My 2015, year of the gracious Sheep, started out strong with three of my book-length manuscripts finding their home, where they can be professionally nipped, tucked, and dressed before being sent out as books. One, my poetry collection Lifeboat has been accepted for publication by the University of Santo Tomas Publishing House, a university press based in the Philippines. Two, a new edition of my out-of-print first book, A Roomful of Machines, will soon come out from ELJ Publications. And finally, Unnamed Press, a Los-Angeles-based publisher with an impressive author lineup (you can read their interview at LA Times/recent feature in Publishers Weekly and in Publishing Perspectives), said a sweet yes to publishing my collection of short stories, The Age of Blight.
Meanwhile, the last months of 2014 and the first few months of 2015 brought words in print.
Published by Anvil Publishing, Inc., this anthology contains my story "Leviathan," which looks into one brilliant and prestige-hungry character's obsessive search for a marine creature long believed to have become extinct sometime around 400 million years ago. A remnant of the Silurian Period, a time in the geologic past characterized by the proliferation of jawed fishes, the creature was ultimately found, died as a result of its being captured, and was posed as a trophy before the scientific community--emblematic of a major scientific discovery obtained at a cost, a loss of life. I wrote about some of my favorite stories in Fast Food Fiction Delivery here.
Not too long ago, Adam David wrote an incisive critique of the anthology's textual framing, asking, among other questions, why the loaded term "fast food fiction" was chosen to denote a particular fiction-writing style favored by writers like Jorge Louis Borges and Italo Calvino.
And here's Mike and Anita Allen's gorgeous Mythic Delirium, which contains my long poem "Even in Arcadia."
In December 2014, the eighth volume of the annual Likhaan: The Journal of Contemporary Philippine Literature was unveiled.

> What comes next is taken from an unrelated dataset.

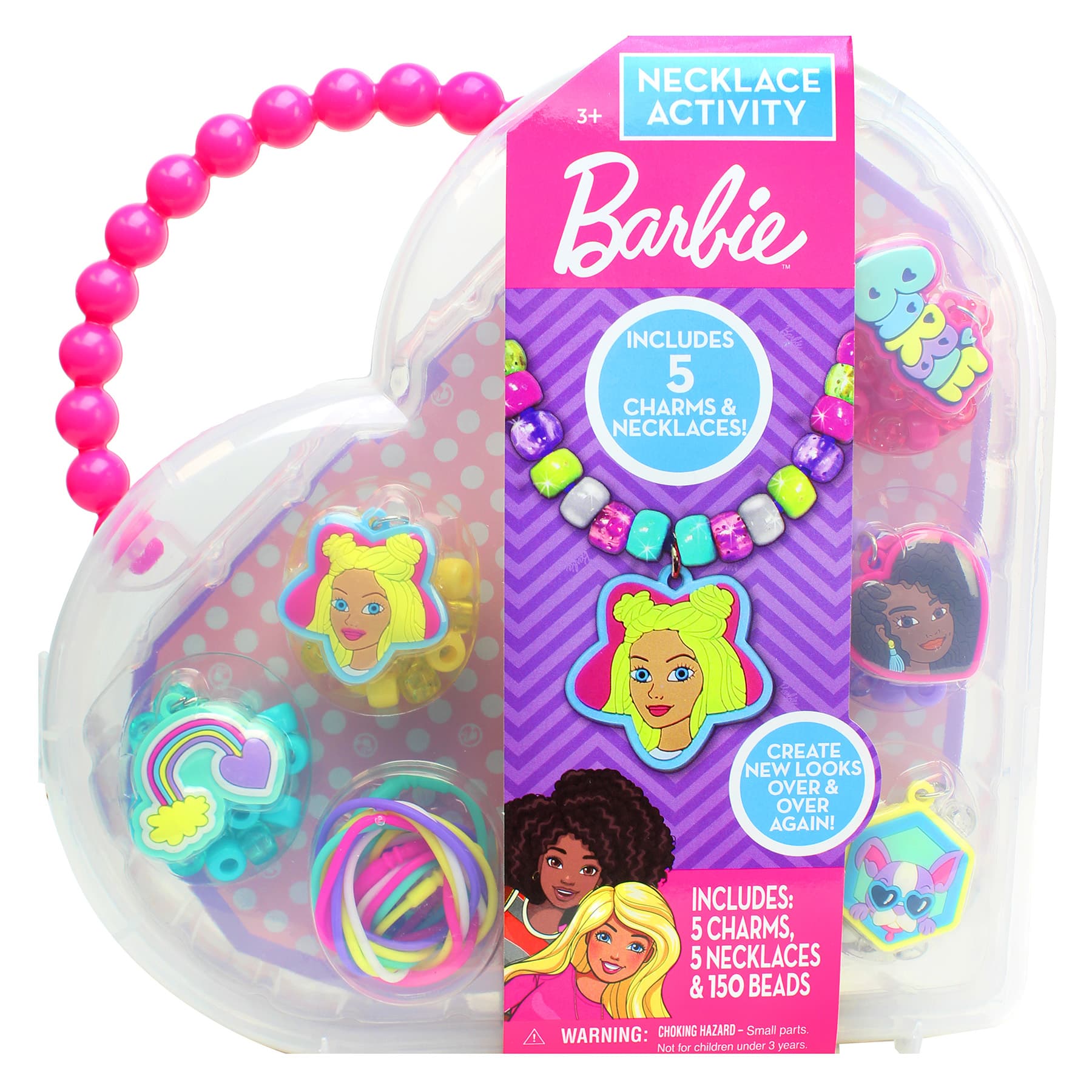 The text on the image reads: "Barbie Necklace Activity 3+ Includes 5 Charms & 5 Necklaces! Create new looks over & over again! Includes: 5 Charms, 5 Necklaces & 150 Beads. Warning: Choking Hazard-Small Parts. Not for children under 1 year."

I have poems in this issue. I don't have a copy, so I had to take this photo from the Twitter feed of Gabriela Lee, one of the journal's editors.
I also have a story reprinted in this anthology, along with other Filipino writers like Paolo Chikiamco, Dean Francis Alfar, Charles Tan, and Isabel Yap.

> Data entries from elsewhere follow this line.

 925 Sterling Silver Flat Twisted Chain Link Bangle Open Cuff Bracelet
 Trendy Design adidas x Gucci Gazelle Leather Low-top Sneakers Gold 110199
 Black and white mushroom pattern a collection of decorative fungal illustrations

A reprinted old piece, "Dark Clocks," is in the January 2015 issue of Eastlit.
On February 27, 2015, Canada-based The Impressment Gang held a release party for the journal's latest issue, which featured my poems "The Cold Room" and "The Solarium."

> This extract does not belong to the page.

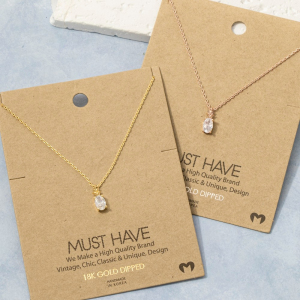 Gold Dipped Faceted Oval Cz Pendant Necklace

Say hello to this bunny. Here's the stunning cover spread of Menacing Hedge's print anthology for the 2015 Association of Writers & Writing Programs bookfair and conference.
And this here is the most recent edition of Spark: A Creative Anthology, which contained my poem "The Day It Rained Stones" and whose companion piece "The Day It Rained Fish and Swallows" was accepted for inclusion in Ghost Fishing: An Eco-Justice Poetry Anthology. The latter anthology is edited by Melissa Tuckey and will come out from the University of Georgia Press in 2016.
I will also have a story in the fifth annual volume of Beecher's Magazine. It is called "Day of the Builders," a story of how modernity—as represented by the Builders—can take over a primitive village with unique geological features and fossil-worshiping inhabitants. The Builders are initially composed of anthropologists, archaeologists, and paleontologists. It is suggested in the story that the Builders’ expedition may have the backing of powerful industrialists. The narrator, the only person in the village who was familiar with the language of the Builders, ushered the “outsiders” around and helped them communicate with the village elders. Touching on cultural assimilation, colonization, and industrialization-fueled environmental destruction, the story attempted to affect a global scope by introducing elements that somehow mirror the expansion of the Russian Empire, the Paleo-Indian civilization of Pre-Columbian America, as well as stylized appropriations of Turkmenistan’s Door to Hell and Incan religious cosmology as described in The Florentine Codex. All these I had hanging on to a simple straightforward cause and effect (what happens if the village elders say yes to the Builders' proposals) thread. I hope this story worked and was able to convey what I wanted for it to say.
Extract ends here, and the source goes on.